There’s also the same ultra-slick six-speed manual as the Cayman GT4, and it what it all adds up to is a supremely involving and tactile device that’s just made for carving up winding roads. As it turns out, we’re presented with an abundance of these at the international launch as the drive route takes us across breathtaking stretches of the Scottish Highlands. Many roads we blast across are extremely narrow, so the Spyder’s compact dimensions and precision/adjustability come to the fore here.

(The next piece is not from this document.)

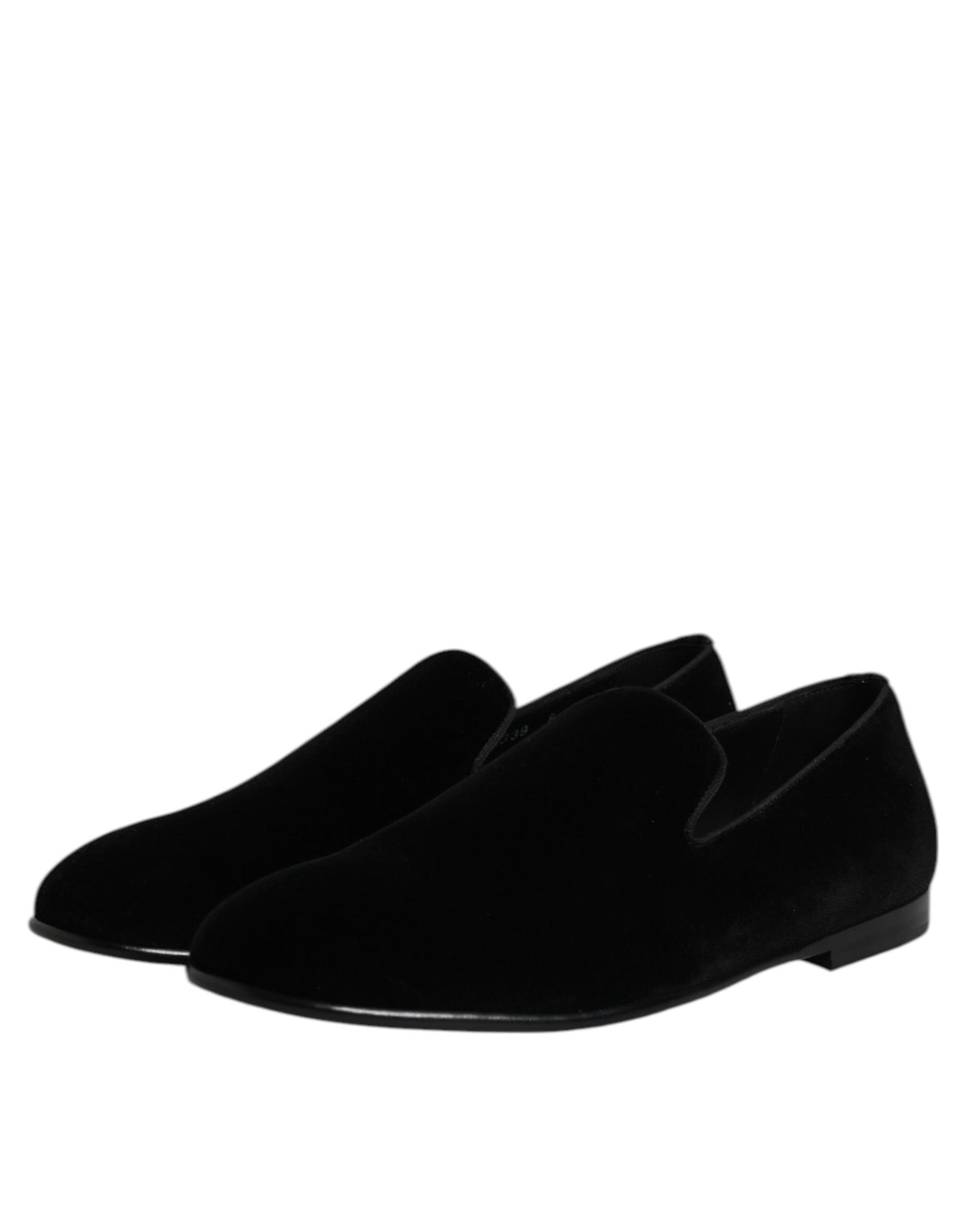 Dolce & Gabbana Men's Silk Velvet Cotton Viscose & Leather Loafer Slip-On Shoes - Black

The standard 718 Boxster’s four-cylinder turbo powerplant has a somewhat anaemic ‘dak dak’ soundtrack, but there’s little to fault in the car as a whole. It’s a razor-sharp driving tool. The Spyder ups the ante via the same 911 GT3-derived front suspension and huge stoppers — steel rotors are standard, carbon-ceramic optional — used by the Cayman GT4 so its backroad pace is nothing if not dizzying. The ABS and stability-control programming are RS-spec, too, so you can take full advantage of the Spyder’s cornering grip and balance. Then there’s that magnificently vocal naturally aspirated flat-six motor, which can be fully savoured in alfresco mode.
Unfortunately, the weather today is somewhat grey and drizzly, which means we only go topless for a brief period when the precipitation abates. One thing to note is that lowering or raising the top is a slightly laborious affair that requires you to get out of the car and fiddle with various clips and latches (no single push-button solution here), so it’s best to decide whether you’re going top-up or top-down before you set off on your journey.
Naturally, the fact the Boxster Spyder loses out on the structural rigidity provided by a hardtop roof means it’s ultimately not as taut as the Cayman GT4, but you won’t notice that out in the real world. There’s no scuttle shake (a telltale sign of the chassis flexing across diagonal bumps), although the lower, stiffer suspension does mean ride quality is less than cossetting on lumpy tarmac. This obviously won’t be a major issue on our roads, which, for the most part, are billiard-table smooth.
Its orientation might be slightly different to the Cayman GT4, but the Boxster Spyder is every bit as satisfying to punt as its more track-focused sibling. There are few roadsters out there that can match its finely-honed edge and sheer visceral appeal — even the most hardcore versions of the Jaguar F-Type and new BMW Z4 don’t get there. In fact, you’d need to look at convertibles costing double or more to equal the topless thrills served up by the 718 Boxster Spyder.